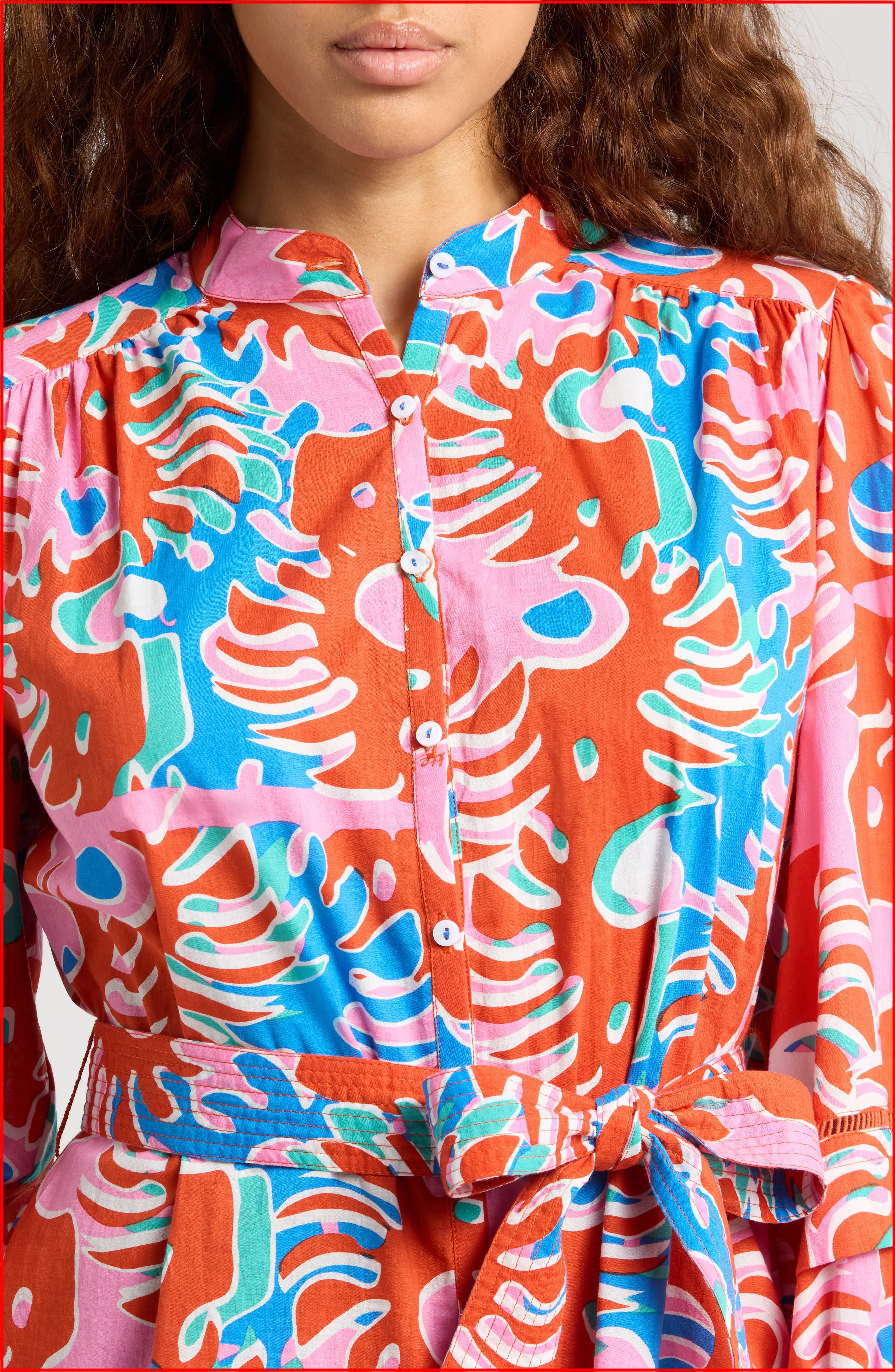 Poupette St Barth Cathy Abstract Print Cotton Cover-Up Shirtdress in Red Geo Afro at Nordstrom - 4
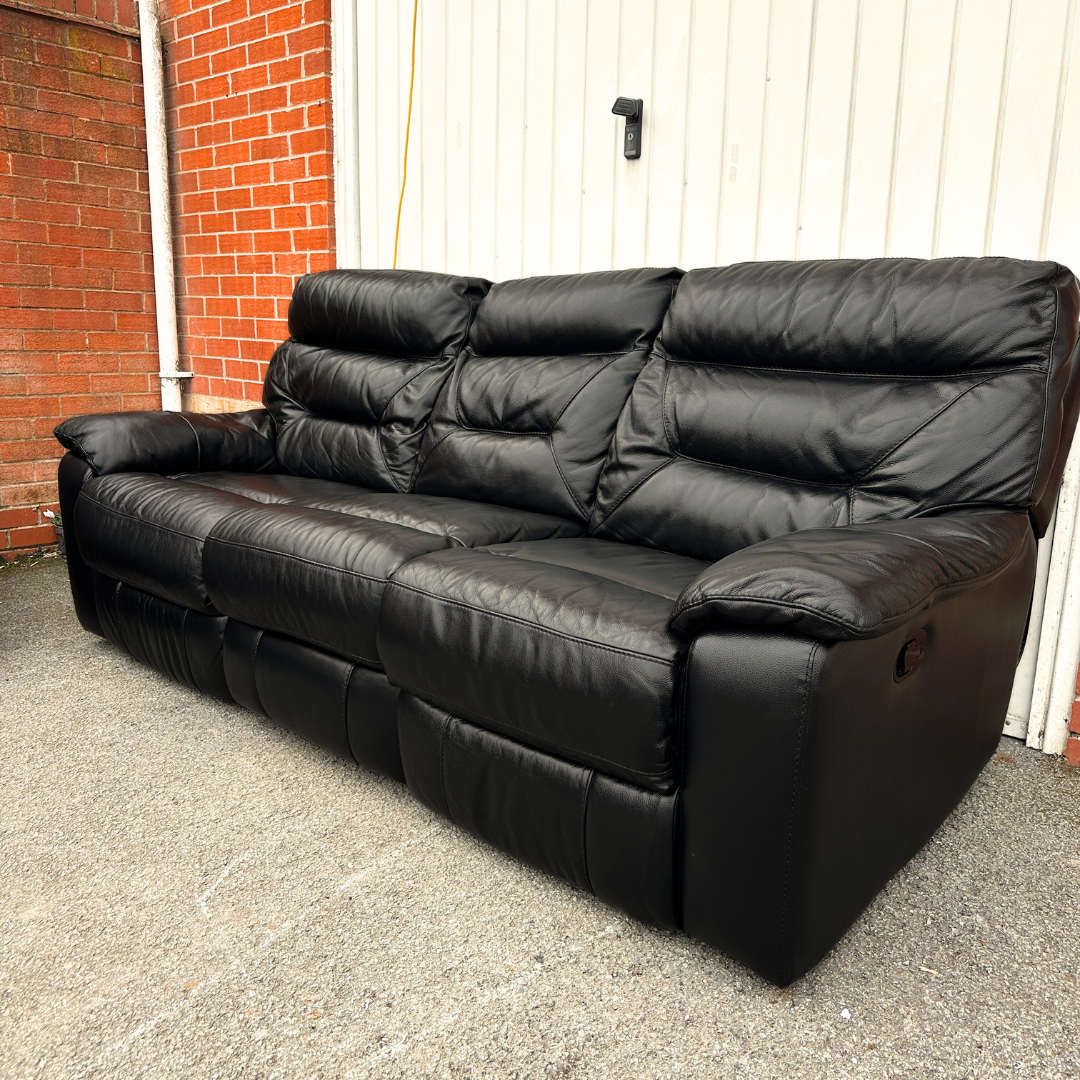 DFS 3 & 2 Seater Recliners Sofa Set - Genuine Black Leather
==========
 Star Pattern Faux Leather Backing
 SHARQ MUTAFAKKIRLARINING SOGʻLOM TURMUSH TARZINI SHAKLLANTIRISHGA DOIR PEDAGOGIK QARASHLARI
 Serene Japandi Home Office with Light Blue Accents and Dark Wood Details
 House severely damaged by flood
==========
Among the entries above, locate the lines containing "Serene Japandi Home" and "House severely damaged by flood", and transcribe exactly those two lines and all lines between.

--- Solved problem ---
 Serene Japandi Home Office with Light Blue Accents and Dark Wood Details
 House severely damaged by flood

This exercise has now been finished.